Directions: The listing below holds pictures; exclude them. Return exactly the lines from the one with "Pull à Fleurs Crème" through the one with "ليون كوبر سترة".

Data extracts:
====
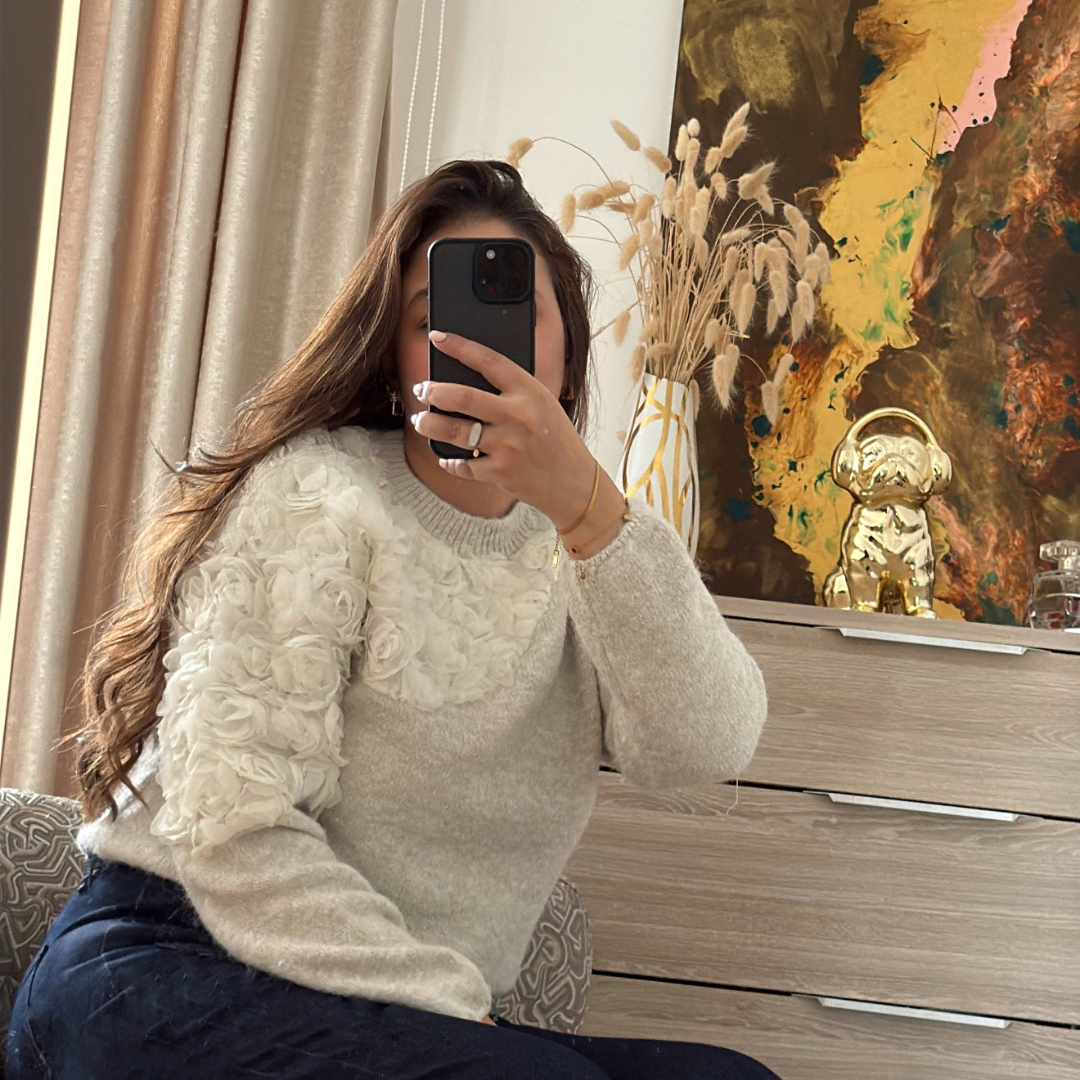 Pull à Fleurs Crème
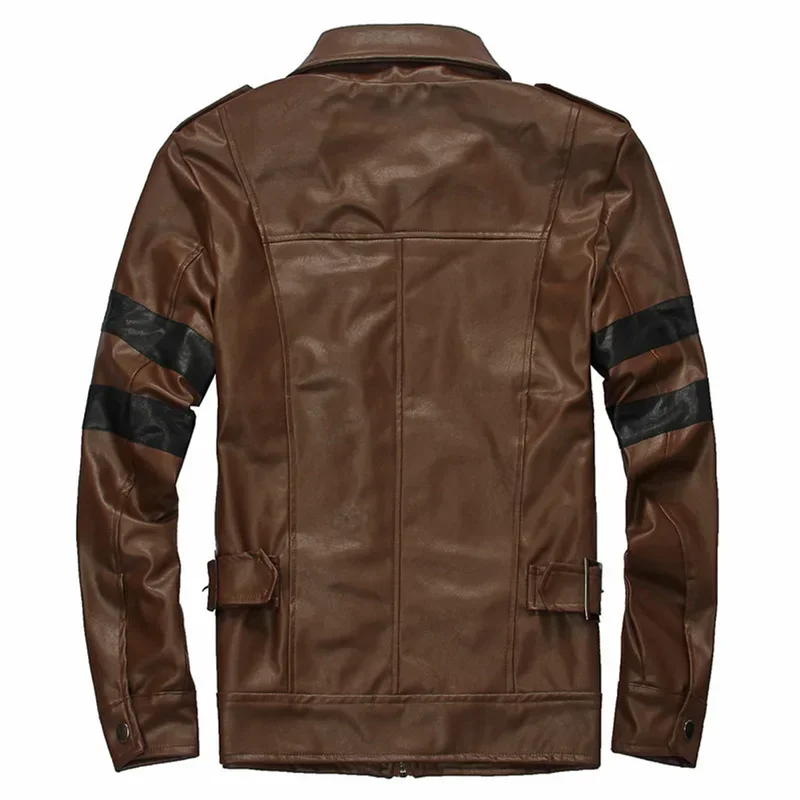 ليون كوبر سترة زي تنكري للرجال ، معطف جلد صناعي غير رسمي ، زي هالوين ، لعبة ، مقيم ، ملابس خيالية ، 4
====
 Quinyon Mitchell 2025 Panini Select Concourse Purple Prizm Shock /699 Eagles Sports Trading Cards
====
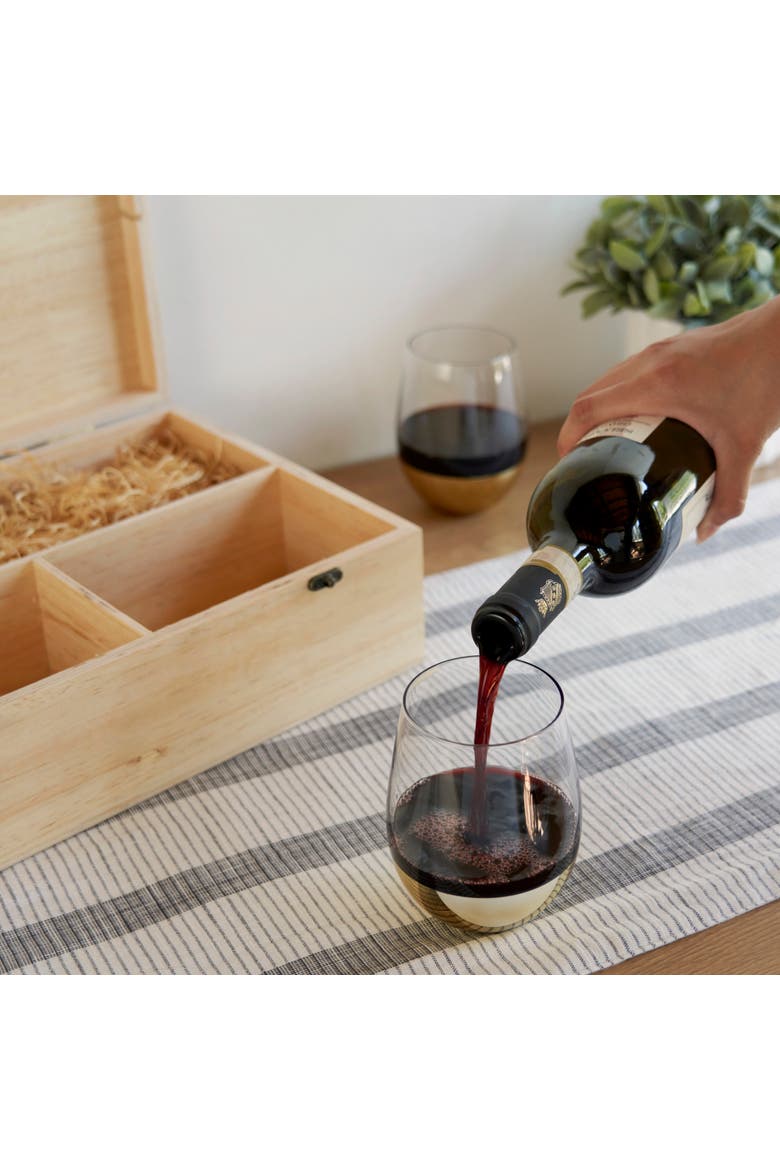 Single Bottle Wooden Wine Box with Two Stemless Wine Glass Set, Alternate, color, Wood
====
Solution:
 Pull à Fleurs Crème
 ليون كوبر سترة زي تنكري للرجال ، معطف جلد صناعي غير رسمي ، زي هالوين ، لعبة ، مقيم ، ملابس خيالية ، 4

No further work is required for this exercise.